I am working on concepts for an upcoming shoot that involves drag queens. The shoot involves a lot of wardrobe. I was thinking of hiring a stylist, but I don't fully understand what type of role the stylist would have. If I hire a stylist would I have to give them money to go out and find clothes they think would work for the shoot? Would they find places to borrow clothing from instead?
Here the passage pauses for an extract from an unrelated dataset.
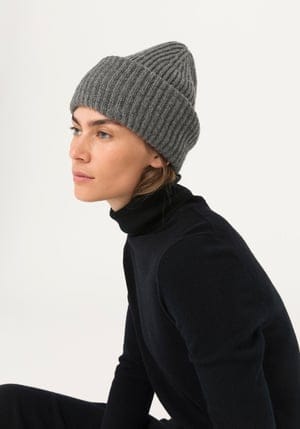 hessnatur Damen Mütze aus Bio-Lambswool - grau - Größe 24x24 cm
Would I have to pay the stylist?

Also do some boutiques lend out clothes to be featured in photos?

PLEASE HELP


----------



## KmH (May 29, 2015)

Are you being paid?
If so, what you charge should include any additional expenses you will incur to do the shoot.
For a commercial shoot I listed extra cost items in my estimate as individual line items.
Models, catering, parking, make up artist, assistant, stylist, extra equipment, whatever was needed.


----------



## tirediron (May 29, 2015)

It depends on how skilled you are and how complex the concept.  I know jack squat about hair, make-up, etc, so when I need it done right, I get someone that do it right.  I generally don't work for free, ergo...  That said, if you're doing this as a personal project, for fun, etc, and there's no money changing hands, try somewhere like Model Mayhem, you might find someone will to work TF*.


----------



## imagemaker46 (May 30, 2015)

Everyone deserves to get paid. Professional rule number one.


----------



## unpopular (May 30, 2015)

ddelplato said:


> Would I have to pay the stylist?


----------



## Designer (May 30, 2015)

"..involves drag queens"  Are the drag queens the models?  

I thought drag queens already had their own wardrobes.  

And why wouldn't they also be capable of doing their own styling?


----------